O filme Ainda Estou Aqui, que deu o Globo de Ouro à atriz Fernanda Torres, disputando com estrelas como Nicole Kidman, Angelina Jolie e Kate Winslet, deveria ser exibido nas escolas de todo o Brasil. Os jovens que estão no Ensino Médio e não vão ao cinema porque preferem assistir vídeos curtos no TikTok terão a oportunidade de conhecer um retalho relevante da história do Brasil se o filme for mostrado nas escolas públicas e particulares.
Há pais que preferem ver os filhos longe de filmes como Ainda Estou Aqui, porque escolhem ignorar o lado sombrio da ditadura militar. Mas os jovens precisam saber o que ocorreu, para não incorrerem no erro de ir às ruas pedindo “intervenção militar”, como se viu nos últimos anos.
A história de Eunice Paiva, que Fernanda interpreta magistralmente, não tem nada de ficção. É a história do deputado Rubens Paiva, deputado federal preso por ser crítico do regime, torturado e morto nos porões da ditadura. Quem quiser saber mais pode ler o livro homônimo de Marcelo Rubens Paiva, filho de Rubens e Eunice, usado como base do roteiro. Pode ler também as reportagens de Zero Hora que ajudaram a elucidar o que ocorreu com o deputado interpretado por Selton Mello.
Do ponto de vista artístico, o Globo de Ouro para Fernanda é uma prova indiscutível de que o cinema brasileiro vive. Ainda que o filme não tenha vencido na categoria em que disputou, ter sido finalista já é uma vitrine privilegiada.
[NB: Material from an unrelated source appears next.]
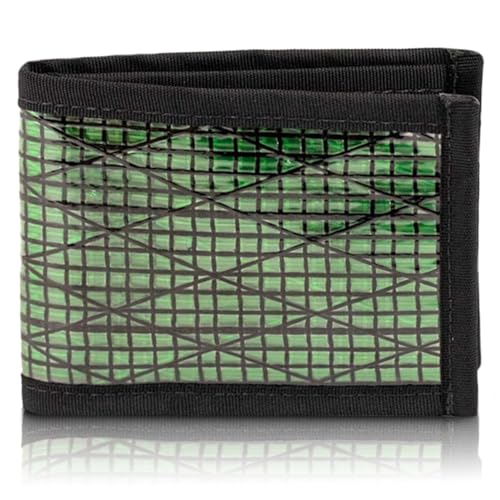 Image of Flowfold Vanguard Slim Front Pocket Bifold Wallet Green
Do ponto de vista político, a vitória de Fernandinha precisa ser vista em um contexto mais amplo: é o Brasil mostrando ao mundo as barbaridades cometidas na ditadura que durou longos 21 anos.
Aprendemos com os argentinos que o cinema tem compromisso com a história. Lembremos de A História Oficial e O Segredo dos Seus Olhos, para ficar em dois dos mais relevantes da extensa filmografia argentina sobre os tenebrosos anos da ditadura militar no país vizinho. Lá, os responsáveis pelas mortes, torturas, desaparecimento e sequestro de crianças foram julgados e condenados. Nem os ex-presidentes da República escaparam.
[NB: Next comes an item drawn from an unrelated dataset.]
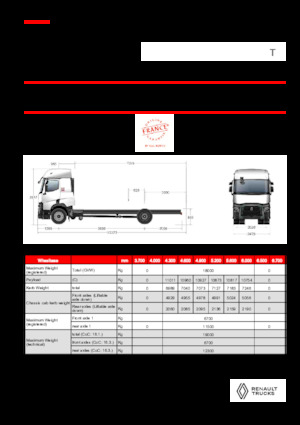Șasiuri rigide Renault T P4X2 LOW 11L E6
Por coincidência, o prêmio a Fernanda Torres saiu às vésperas do segundo aniversário das manifestações violentas de 8 de janeiro, que tiveram como pano de fundo uma fracassada tentativa de golpe. As depredações de 8 de janeiro de 2023 foram o ponto culminante de uma conspiração que envolveu civis e militares e não foi adiante porque a cúpula das Forças Armadas não aceitou embarcar na aventura dos tresloucados. O roteiro desse golpe daria outro filme, mas antes é preciso esperar pelo desfecho.